[Captioned web images]
········
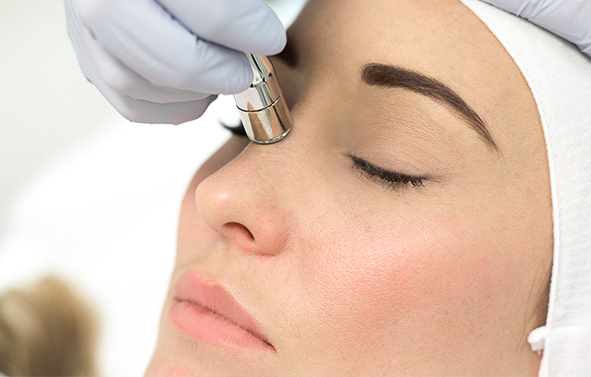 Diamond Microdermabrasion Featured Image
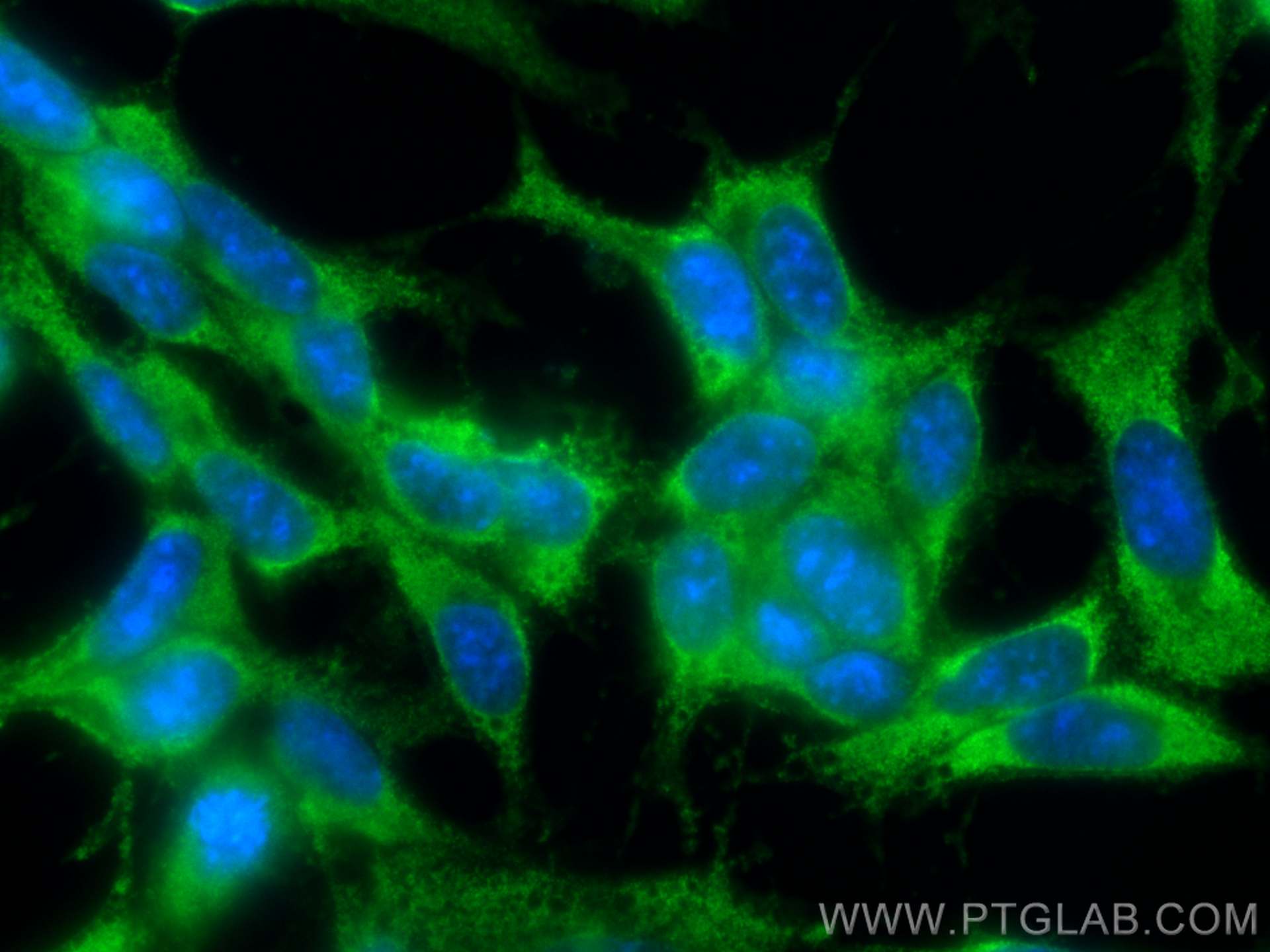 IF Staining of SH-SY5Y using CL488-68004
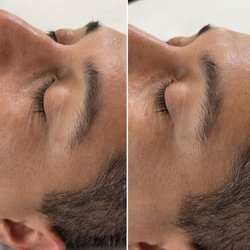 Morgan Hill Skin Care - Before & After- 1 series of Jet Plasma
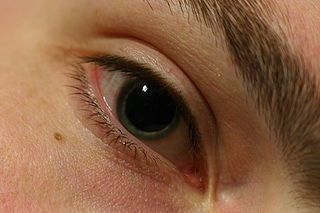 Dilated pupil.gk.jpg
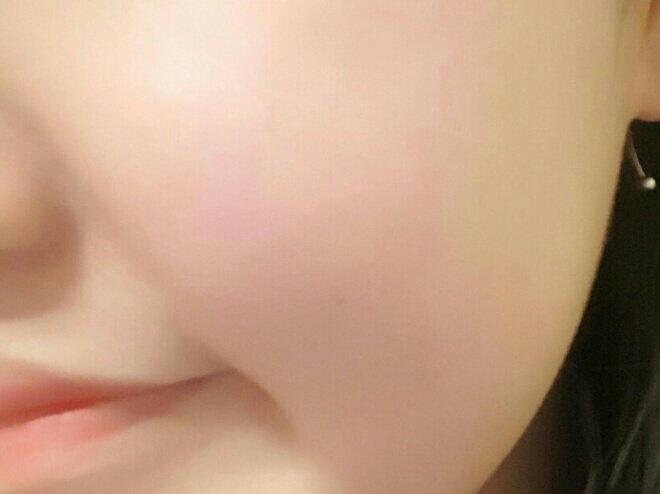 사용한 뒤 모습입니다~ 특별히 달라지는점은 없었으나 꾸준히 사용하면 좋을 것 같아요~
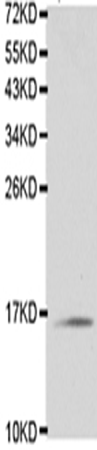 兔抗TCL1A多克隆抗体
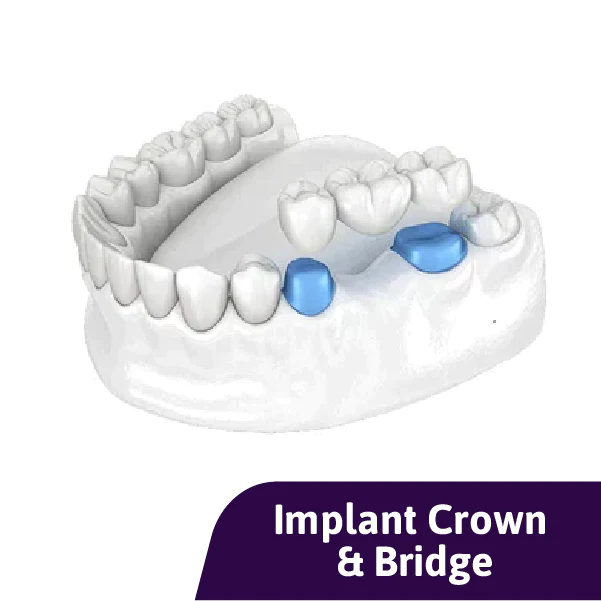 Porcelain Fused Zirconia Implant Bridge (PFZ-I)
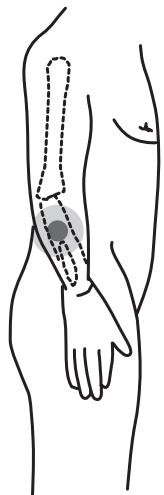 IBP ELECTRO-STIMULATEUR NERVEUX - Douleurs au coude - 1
········
EXERCISE REQUIREMENTS:
Copy all the records above exactly, but leave out the pictures.

SOLUTION:
 Diamond Microdermabrasion Featured Image
 IF Staining of SH-SY5Y using CL488-68004
 Morgan Hill Skin Care - Before & After- 1 series of Jet Plasma
 Dilated pupil.gk.jpg
 사용한 뒤 모습입니다~ 특별히 달라지는점은 없었으나 꾸준히 사용하면 좋을 것 같아요~
 兔抗TCL1A多克隆抗体
 Porcelain Fused Zirconia Implant Bridge (PFZ-I)
 IBP ELECTRO-STIMULATEUR NERVEUX - Douleurs au coude - 1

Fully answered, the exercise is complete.